There were lots of us grew up thinking *Empire* only to watch England betray the idea of empire for economics & the whole thing crumble & decay into something unrecognizable. 

But...Not everybody had my family.  My family are story~tellers.  They have it down to a fine art.  We grew up knowing perfectly well anything we had from my Aunt should be taken with a generous pinch of salt for she was well known to value the Romantic over the Truth but that heady mix also held all the family archives & so I grew up under the shadow of both the Edwardians & the Victorians for the older generation were valued & I am, perhaps, the only one of my siblings old enough to remember  a generation of long skirts & high collars, long hair & hairpins & a sense of family that at one & the same time offered security & condensation.  

Naturally the family, as a whole, were monarchists & I have, in my possession, transcripts of many of the family papers penned by deceased relatives who forged their way into the unknown to make a new life in a land that was far more jungle than garden, but when I read them it is Kipling's world view I hear for they had a sense of purpose bigger than themselves & politically correct they certainly were not! 

However it has left me with a sense of not fully belonging anywhere, straddling the generations, neither wholly modern nor fully prehistoric, but certainly with a huge awareness of the shifts in time & history, & the way we are shaped by our time & place in the grand scheme of things ~ which is why Kipling, a hugely conservative man, is now so derided for his Stalky was certainly a bully & corporeal punishment is definitely out of fashion in our schools.  I do wonder though, the sort of experiment that's not ever likely to happen, how this present generation would do if faced with the same sort of challenges because it is far to easy to mock & deride the Kipling sentiments:
If you can keep your head when all about you   
    Are losing theirs and blaming it on you,   
If you can trust yourself when all men doubt you,
    But make allowance for their doubting too;   
If you can wait and not be tired by waiting,
    Or being lied about, don’t deal in lies,
Or being hated, don’t give way to hating...


Orwell wrote, “every enlightened person has despised him, and at the end of that time nine-tenths of those enlightened persons are forgotten and Kipling is in some sense still there.”  And therein lies the ultimate irony.  *IF* is the most searched for poem on British poetry sites.  For all the wrongness there was an idealism for people to aspire to & people are still drawn to idealism.  That is @ the core of humanism ~ that somehow people can be more than they are ~ & certainly of Christianity, which provides a way for us to rise above ourselves. 

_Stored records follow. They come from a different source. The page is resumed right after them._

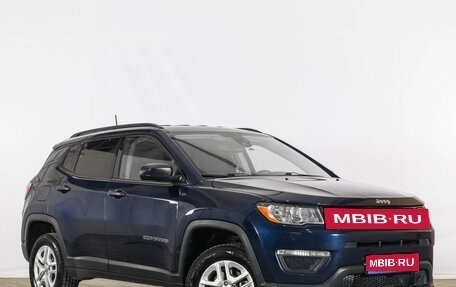 Jeep Compass II, 2018 год, 2 149 000 рублей, 1 фотография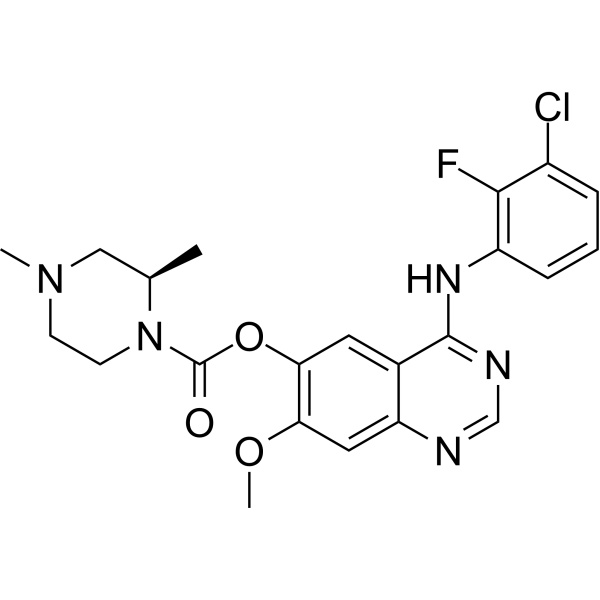 Zorifertinib Chemical Structure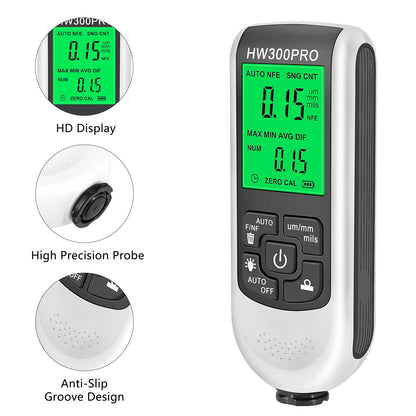 Car Paint Film Automatic Thickness Gauge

Ultimately 2 things remain for me about Kipling:
  • Those who cannot remember the past are condemned to repeat itGeorge Santayana
&
  • eat the meat and spit out the bones.
Seriously, political correctness is a curse.  If you focus on stuff like that you miss all the pleasure of something like Stalky which is, @ it's heart, a very, very funny book! If you haven't already, have a read.  It's a hoot.